Unique Structural Platforms of Suz12 Dictate Distinct Classes of PRC2 for Chromatin Binding

Siming Chen, Lianying Jiao, Murtada Shubbar, Xin Yang, Xin Liu

Research output: Contribution to journalArticle

28 Scopus citations

Abstract

Developmentally regulated accessory subunits dictate PRC2 function. Here, we report the crystal structures of a 120 kDa heterotetrameric complex consisting of Suz12, Rbbp4, Jarid2, and Aebp2 fragments that is minimally active in nucleosome binding and of an inactive binary complex of Suz12 and Rbbp4. Suz12 contains two unique structural platforms that define distinct classes of PRC2 holo complexes for chromatin binding.
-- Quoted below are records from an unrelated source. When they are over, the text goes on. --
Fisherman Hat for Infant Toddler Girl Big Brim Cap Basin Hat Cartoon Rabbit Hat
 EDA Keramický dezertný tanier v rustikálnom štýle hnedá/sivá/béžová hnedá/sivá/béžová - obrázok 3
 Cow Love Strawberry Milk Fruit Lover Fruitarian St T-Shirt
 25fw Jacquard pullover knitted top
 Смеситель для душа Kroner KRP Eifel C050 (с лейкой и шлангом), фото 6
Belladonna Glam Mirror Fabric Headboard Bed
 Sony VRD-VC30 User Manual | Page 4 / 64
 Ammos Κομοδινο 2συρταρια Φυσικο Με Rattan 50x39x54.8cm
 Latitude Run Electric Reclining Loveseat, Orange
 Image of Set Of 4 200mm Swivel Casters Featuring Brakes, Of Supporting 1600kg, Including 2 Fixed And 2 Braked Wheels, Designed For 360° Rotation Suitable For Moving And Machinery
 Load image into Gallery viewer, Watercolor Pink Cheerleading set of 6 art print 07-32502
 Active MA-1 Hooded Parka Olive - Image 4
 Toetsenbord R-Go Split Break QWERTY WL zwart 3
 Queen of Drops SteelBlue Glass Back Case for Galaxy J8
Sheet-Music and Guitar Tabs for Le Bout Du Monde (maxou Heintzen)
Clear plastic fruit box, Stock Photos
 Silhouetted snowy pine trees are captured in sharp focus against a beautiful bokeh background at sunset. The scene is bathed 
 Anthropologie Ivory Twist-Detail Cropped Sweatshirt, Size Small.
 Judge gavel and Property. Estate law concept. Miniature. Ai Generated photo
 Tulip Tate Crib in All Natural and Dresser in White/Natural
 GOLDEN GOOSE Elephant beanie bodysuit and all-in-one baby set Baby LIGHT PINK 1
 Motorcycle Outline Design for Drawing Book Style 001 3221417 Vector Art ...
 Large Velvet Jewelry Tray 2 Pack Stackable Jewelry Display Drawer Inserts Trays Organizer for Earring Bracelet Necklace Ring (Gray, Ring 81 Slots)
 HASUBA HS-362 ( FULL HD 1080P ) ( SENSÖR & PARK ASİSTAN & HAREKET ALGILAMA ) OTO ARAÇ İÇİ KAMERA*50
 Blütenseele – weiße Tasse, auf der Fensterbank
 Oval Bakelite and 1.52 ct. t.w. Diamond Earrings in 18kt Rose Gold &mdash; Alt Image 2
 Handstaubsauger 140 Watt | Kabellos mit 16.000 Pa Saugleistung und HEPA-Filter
Aebp2 and Phf19 compete for binding of a non-canonical C2 domain of Suz12; Jarid2 and EPOP occupy an overlapped Suz12 surface required for chromatin association of PRC2. Suz12 and Aebp2 progressively block histone H3K4 binding to Rbbp4, suggesting that Rbbp4 may not be directly involved in PRC2 inhibition by the active H3K4me3 histone mark. Nucleosome binding enabled by Jarid2 and Aebp2 is in part accounted for by the structures, which also reveal that disruption of the Jarid2-Suz12 interaction may underlie the disease mechanism of an oncogenic chromosomal translocation of Suz12. Chen et al. solved the crystal structure of Suz12-Rbbp4-Jarid2-Aebp2 that provides important insights into PRC2 function and regulation, including the organization of PRC2 holo complexes, the binding of nucleosomes and histone tails, and a molecular consequence of an oncogenic chromosomal translocation of Suz12.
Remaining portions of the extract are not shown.